Но не только уроки домашнего ментора и старшего друга усваивал поэт. Поэзия двадцатых, и не одни Маяковский и Есенин, Хлебников и Волошин, но и Тихонов, Сельвинский, Пастернак, часто совсем чуждые его мироощущению и поэтике, так или иначе отзывались в его начальных опытах. А работая над "Солнцеворотом", Андреев с особым пристрастием читал размашистые поэмы Сельвинского, прежде всего "Уляляевщину", тоже поэму о смуте. "Слышал ли ты что-нибудь о нем? — спрашивал он брата о Сельвинском. — Хотя поэзия не ступала на эти страницы даже большим пальцем правой ноги, — все же этот "поэт" — самое значительное, на мой взгляд, явление нашей литературы за последние несколько лет. Он чрезвычайно остроумен, и если разъять слово — то и остр, и умен (по — настоящему).

Он считает себя учеником школы Пастернака, но надо отдать ему честь, отнюдь не Пастернак. Кстати: твоей любви к Пастернаку не разделяю. Мне в оба уха напели, что это гениальный поэт, — но я, как ни бился, сумел отыскать в его книгах всего лишь несколько неплохих строф. Вероятно, я его просто не понимаю. Но мне претит это косноязычие, возводимое в принцип. Он неуклюж и немилосердно режет ухо. Но талантлив — несомненно, и жаль, что заживо укладывает себя в гроб всяческих конструкций".

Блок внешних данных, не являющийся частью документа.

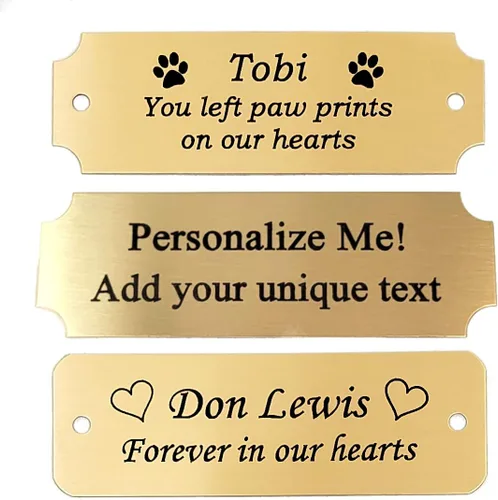 Miniatura 2 de 3 pulgadas de ancho x 1 pulgada de alto, fabricadas en Estados Unidos, placas de nombre de latón personalizadas, placa grabada a medida para premio
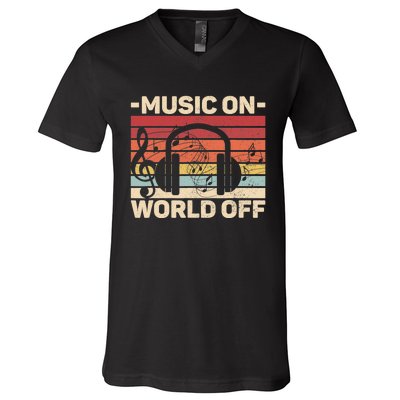 Music On World Off Music Lovers Musician Outfit EDM Music DJ V-Neck T-Shirt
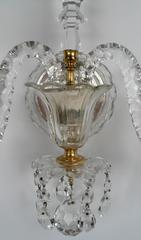Pair of Caldwell Georgian Style Cut Crystal and Gilt Bronze Sconces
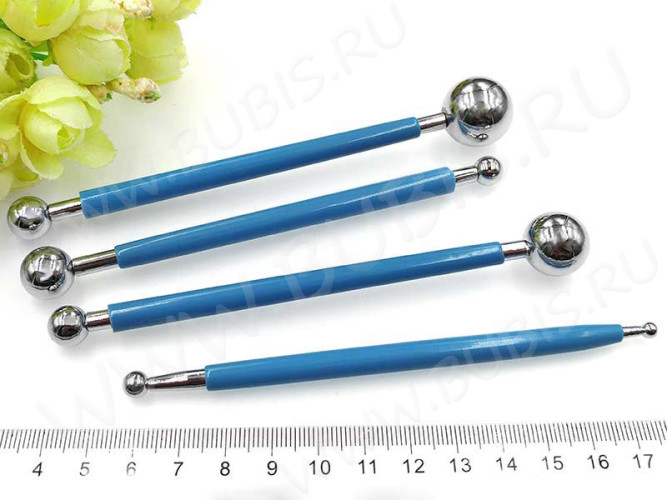 Набор стеков 10 для моделирования палочки с шариками 4-19мм голубые и цвет платины (инструменты для моделирования) (4шт.)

Пишет он брату и о других новинках литературы: "Кроме Сельвинского, еще рекомендую: Чапыгина, роман "Разин Степан" — первый роман о России, заслуживающий названия "исторического"; Тынянов, "Смерть Вазир — Мухтара" — блестящий роман о Грибоедове и — "Кюхля" о Кюхельбекере. Писатель очень культурный, что ставит его выше огромного большинства наших литераторов, которые, не в обиду им будет сказано, при всей своей революционности, обладают, однако, куриным кругозором. Даже Шолохов — несомненный талант (читал его "Тихий Дон"?), но ведь интеллектуально это ребенок.

В последнее время у нас наблюдается острый интерес к Хлебникову. Появилось, наконец, 1–е собрание его сочинений, и среди поэтов циркулирует слух, что это — гений, которого в свое время проглядели. Не думаю, конечно, что гений, но черты гениальности — есть. Поэт интересный исключительно — но главным образом своими любопытнейшими экспериментами и исканиями".

В том же письме он делится с братом литературными интересами и предпочтениями: "…Нельзя ли достать у вас там Вячеслава Иванова что бы то ни было (если нет какого-нибудь собрания сочинений)? Здесь он стал величайшей редкостью и стоит бешеных денег. Если б тебе удалось его добыть — очень прошу, пришли: это один из моих любимейших поэтов, и я по — настоящему страдаю, не имея его постоянно под рукой.

Мандельштама я знаю скверно — его тоже очень трудно достать — как и Ин<нокентия>Анненского, которого я безрезультатно ищу вот уже 1 1/2 года. Вообще же, если хочешь знать, наконец, определенно, то ставлю точку над i: учителя мои и старинная и нержавеющая любовь — символисты, в первую голову — Блок…"[144]

Солнцеворот — 25 декабря, в этот день солнце поворачивает на лето, зима на мороз. В названии поэмы символика времени: солнце, как Божий лик, говорит, что мистическое время уже поворотило "на лето", а историческое, зимнее время явно поворачивает "на мороз". Не зная поэмы, подобный сюжет можно только предполагать. Но, прослеживая постепенно складывающийся в миропонимании Даниила Андреева образ времени, видевшего в нем то вихревые движения, то смену красных и синих эпох, с почти физическим ощущением мистерии непрестанного сражения сил тьмы и света, можно думать, что похожая мысль присутствовала и в его поэме "Солнцеворот".